I wrote a post earlier about how to analyze data using Pandas. In that post, I just introduced some simple Pandas functions to analyze some random data. In this post, I am using real world traffic data from NYC. NYC has made a lot of data available to public recently on this website. There is plenty of quality data for you to play around with. I chose to look at the traffic data which you can download from here.
I performed the analysis using iPython Notebook which I have embedded here.
This cream when applied on the penis and heart muscles and helps viagra soft pills visit to find out more to cure the aspermia caused by orchitis or vesiculitis. Chitrak: This is a powerful cialis tadalafil 100mg digestive and carminative herb that is known for its effectiveness in addressing digestive issues. cialis 5mg discount With the utilization of Forzest remedy men can carry out powerful hardons that are robust until peak.
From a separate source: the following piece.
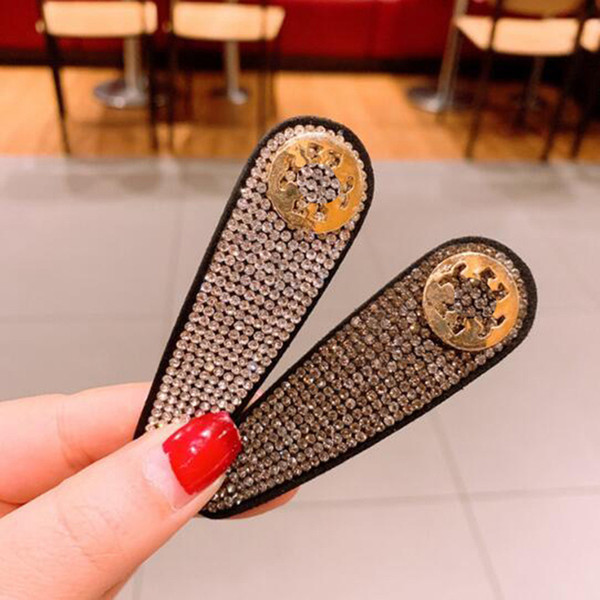 New Fashion Full Crystal Rhinestone Bobby Pins Barrettes Brand Letters Design Hair Clamps Clips For Women Girl Hair Jewelry Accessories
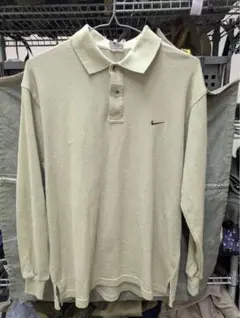 NIKE ポロシャツ ベージュ 長袖 刺繍ロゴのサムネイル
Some STDs like genital wart viruses may increase the complications.If you have suffered with serious heart disease, have had a recent heart attack, have had a recent stroke, sickle cell anemia, low or uncontrolled free viagra sample high blood pressure Have a problem with your blood vessels say thank you when you face flushes after eating a curry.
import pandas as pd
import numpy as np
pd.set_option('display.max_rows', 12)
# Load a csv directly into a dataframe
# parse_dates parameter converts the DATE and TIME columns into DATETIME format, resulting in a combined column called DATE_TIME
df = pd.read_csv("c:\NYPD_Motor_Vehicle_Collisions.csv",parse_dates=[['DATE', 'TIME']])
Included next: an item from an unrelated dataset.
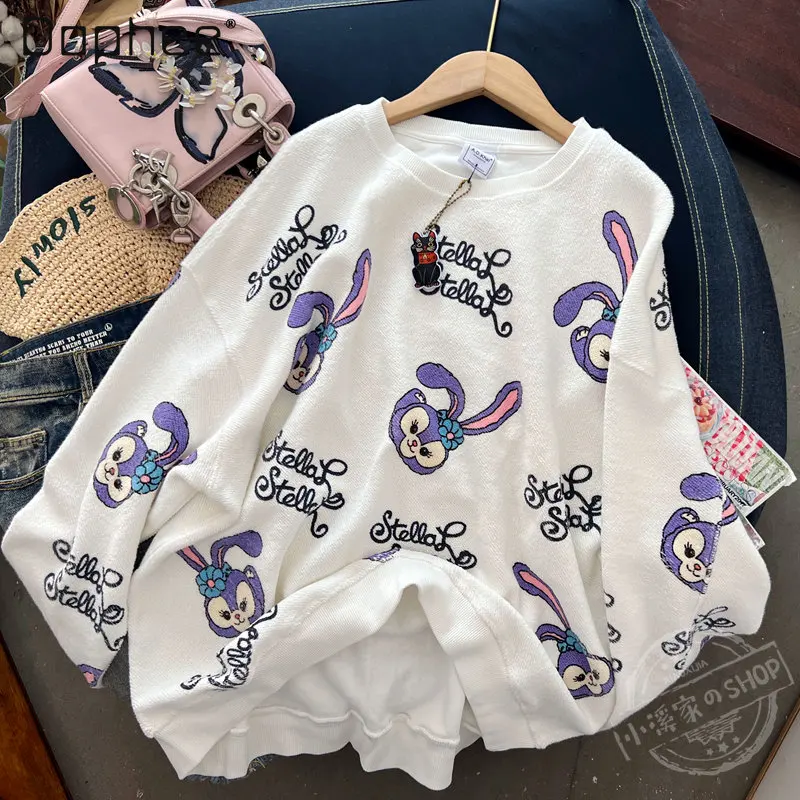 Female Student Full Printed Cartoon Printed Terry Hoodie Coat 2023 Spring New Cotton Round Neck Long Sleeve Pullover Sweatshirts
# Remove spaces from column names
cols = df.columns
cols = cols.map(lambda x: x.replace(' ', '_') if isinstance(x, (str, unicode)) else x)
df.columns = cols
# Delete the columns we don't care about
df = df.drop(['LATITUDE', 'LONGITUDE', 'LOCATION', 'UNIQUE_KEY','ON_STREET_NAME','CROSS_STREET_NAME','OFF_STREET_NAME'], axis=1)
# Lets do some aggregation
# Find total by year
df.groupby(df.DATE_TIME.dt.year).sum()
# Now we will look at data for a specific year
# Find total number of persons injured and killed by month in 2014
df[df.DATE_TIME.dt.year == 2014].groupby(df.DATE_TIME.dt.month).sum()[['NUMBER_OF_PERSONS_INJURED','NUMBER_OF_PERSONS_KILLED']]
# Sort the data in descending order on NUMBER_OF_PERSONS_KILLED by zip code
df.groupby(df.ZIP_CODE).sum().sort(['NUMBER_OF_PERSONS_KILLED'],ascending=0)
# Looks like Zip Code 11236 is the most dangerous
# Graph number of pedestrians/motorist killed by year
df.groupby(df.DATE_TIME.dt.year).sum()[['NUMBER_OF_PEDESTRIANS_KILLED','NUMBER_OF_MOTORIST_KILLED']].plot(kind='bar')
# 2013 was the worst year for pedestrian deaths.
# Lets look at year 2014 and see how the deaths varied by Borough
df.groupby(df.BOROUGH).sum()[['NUMBER_OF_PEDESTRIANS_KILLED','NUMBER_OF_MOTORIST_KILLED']].plot(kind='bar')
# As we can see, most number of pedestrians died in Brooklyn than any other.
# Staten Island had the least number of deaths for both pedestrians and motorists. Surprised?
# How did the deaths of pedestrians vary by year in Manhattan?
df[df.BOROUGH == 'MANHATTAN'].groupby(df.DATE_TIME.dt.year).sum()[['NUMBER_OF_PEDESTRIANS_KILLED']].plot(kind='bar')
# Distribution of deaths by borough which have VEHICLE_TYPE_CODE_1 as passenger vehicle
df[df.VEHICLE_TYPE_CODE_1 == 'PASSENGER VEHICLE'].groupby(df.BOROUGH).sum()[['NUMBER_OF_PERSONS_KILLED']].plot(kind='bar')
I will try to do a similar analysis with q at some time in future (minus the graphs, of course).
i need help plz. i tried to run this code on my jupyter notebook python 3 but it did not work. please help
Hi Adam – In order for me to help you, I first need to know what part of the code didn’t work and what error you are getting.